En el cabello de Doña Sofía anida una familia de aguiluchos
El peluquero de la Reina sigue arrasando en su carrera de humorista

Si la Familia Real ya es intocable, el tocado de Su Majestad la Reina está ahora, además, protegido por el Ministerio de Medio Ambiente. Una pareja de aguiluchos ibéricos (Aquilus Torerus) —especie, por cierto, de gran peso simbólico en nuestro país por ser este su único hábitat y porque fue la mascota del llorado naturalista español Félix Rodríguez de la Fuente— ha hecho nido en el frondoso y pajizo peinado de Doña Sofía, y hace exactamente tres días salieron del huevo los primeros polluelos.Todos los habitantes de la Zarzuela han celebrado con regocijo el nacimiento de las crías, que fueron presentadas ante la prensa en la puerta de la Clínica Ruber (cuyo personal no intervino para nada en el feliz acontecimiento, pero mira, por no perder la costumbre...) Doña Sofía, muy orgullosa, calculó a ojo el peso de los polluelos que sostenía sobre su cráneo (se estima que su pelo, deshabitado, oscila entre los cuatro y los cinco kilos) y anunció los nombres con que pensaban bautizarlos. Intentamos apuntarlos, pero eran tan largos que se nos gastó el bolígrafo.

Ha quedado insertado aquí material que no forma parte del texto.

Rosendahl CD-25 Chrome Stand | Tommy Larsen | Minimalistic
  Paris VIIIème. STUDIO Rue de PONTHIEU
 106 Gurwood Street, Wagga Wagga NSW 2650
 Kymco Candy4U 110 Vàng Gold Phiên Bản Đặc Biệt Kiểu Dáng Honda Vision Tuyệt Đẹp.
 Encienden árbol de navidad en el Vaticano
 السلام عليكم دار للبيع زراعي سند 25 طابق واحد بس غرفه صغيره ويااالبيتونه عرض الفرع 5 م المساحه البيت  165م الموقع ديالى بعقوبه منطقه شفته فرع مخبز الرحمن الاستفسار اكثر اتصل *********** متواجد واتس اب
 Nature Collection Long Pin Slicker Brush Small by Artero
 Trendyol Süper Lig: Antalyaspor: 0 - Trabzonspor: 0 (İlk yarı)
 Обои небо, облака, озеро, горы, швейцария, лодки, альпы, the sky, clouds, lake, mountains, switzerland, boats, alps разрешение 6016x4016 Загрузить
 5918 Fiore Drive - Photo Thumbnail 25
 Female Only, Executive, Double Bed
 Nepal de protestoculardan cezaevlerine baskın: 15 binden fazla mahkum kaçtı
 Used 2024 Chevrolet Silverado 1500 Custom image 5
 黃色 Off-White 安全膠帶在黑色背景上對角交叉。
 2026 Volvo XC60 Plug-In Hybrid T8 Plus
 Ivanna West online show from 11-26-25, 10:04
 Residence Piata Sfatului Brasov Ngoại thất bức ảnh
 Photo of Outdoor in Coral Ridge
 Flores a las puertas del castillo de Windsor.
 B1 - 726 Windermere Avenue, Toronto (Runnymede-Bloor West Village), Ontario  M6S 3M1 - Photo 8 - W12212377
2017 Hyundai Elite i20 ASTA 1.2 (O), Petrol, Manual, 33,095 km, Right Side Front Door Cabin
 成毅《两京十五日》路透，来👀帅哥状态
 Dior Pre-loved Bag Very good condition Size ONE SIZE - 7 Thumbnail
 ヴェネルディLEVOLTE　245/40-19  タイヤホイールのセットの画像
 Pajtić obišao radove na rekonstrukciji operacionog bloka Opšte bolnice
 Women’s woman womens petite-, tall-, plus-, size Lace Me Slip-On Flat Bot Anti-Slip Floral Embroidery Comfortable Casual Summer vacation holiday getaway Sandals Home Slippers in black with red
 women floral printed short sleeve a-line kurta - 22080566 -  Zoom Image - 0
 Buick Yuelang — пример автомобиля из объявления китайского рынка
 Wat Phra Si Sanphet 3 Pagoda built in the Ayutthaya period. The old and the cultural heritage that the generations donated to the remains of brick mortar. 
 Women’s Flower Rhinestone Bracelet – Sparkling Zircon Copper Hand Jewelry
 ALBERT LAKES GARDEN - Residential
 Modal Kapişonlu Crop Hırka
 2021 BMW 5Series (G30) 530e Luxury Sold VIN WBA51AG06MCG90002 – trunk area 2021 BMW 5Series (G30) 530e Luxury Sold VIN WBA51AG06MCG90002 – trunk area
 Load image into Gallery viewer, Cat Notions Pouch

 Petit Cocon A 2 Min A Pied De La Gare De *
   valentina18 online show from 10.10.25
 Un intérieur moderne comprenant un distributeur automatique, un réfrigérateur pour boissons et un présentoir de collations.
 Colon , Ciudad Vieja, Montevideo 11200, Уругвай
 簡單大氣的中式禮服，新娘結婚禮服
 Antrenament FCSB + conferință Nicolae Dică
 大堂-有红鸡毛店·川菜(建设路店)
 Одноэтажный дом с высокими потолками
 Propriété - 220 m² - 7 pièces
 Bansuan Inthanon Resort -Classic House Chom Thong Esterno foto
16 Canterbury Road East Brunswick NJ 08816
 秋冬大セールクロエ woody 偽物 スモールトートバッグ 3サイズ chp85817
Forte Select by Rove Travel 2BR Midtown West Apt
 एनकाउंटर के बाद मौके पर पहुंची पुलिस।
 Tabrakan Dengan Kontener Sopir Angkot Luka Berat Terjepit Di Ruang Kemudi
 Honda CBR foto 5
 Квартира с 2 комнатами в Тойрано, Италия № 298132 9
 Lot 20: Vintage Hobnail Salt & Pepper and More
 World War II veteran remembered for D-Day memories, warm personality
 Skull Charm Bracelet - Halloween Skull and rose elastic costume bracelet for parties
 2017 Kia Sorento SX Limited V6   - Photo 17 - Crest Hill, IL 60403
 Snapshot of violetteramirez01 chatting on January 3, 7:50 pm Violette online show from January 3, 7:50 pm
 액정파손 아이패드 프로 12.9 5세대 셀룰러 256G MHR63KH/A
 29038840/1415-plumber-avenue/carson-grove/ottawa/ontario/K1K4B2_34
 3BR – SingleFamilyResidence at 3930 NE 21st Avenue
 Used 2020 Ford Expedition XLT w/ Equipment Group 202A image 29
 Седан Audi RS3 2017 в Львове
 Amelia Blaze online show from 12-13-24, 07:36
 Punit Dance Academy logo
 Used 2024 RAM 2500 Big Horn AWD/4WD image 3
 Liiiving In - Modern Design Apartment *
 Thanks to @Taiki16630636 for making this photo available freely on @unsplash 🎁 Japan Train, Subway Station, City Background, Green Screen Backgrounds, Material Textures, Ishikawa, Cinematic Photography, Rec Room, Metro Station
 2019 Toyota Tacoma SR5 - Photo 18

La prensa española se ha deshecho en elogios hacia la conciencia ecológica de sus majestades y el servicio que hacen a la protección de la fauna patria, al tiempo que recalcan el bienintencionado humor del Peluquero Real, Vidal Hernández-Mecha, quien recientemente aparcó su cargo permanente (sí, ya, un peluquero con cargo permanente, ja, ja) para iniciar una carrera paralela como humorista. «Siempre ha sido un tío muy de la broma», recuerda la Reina, con cariño.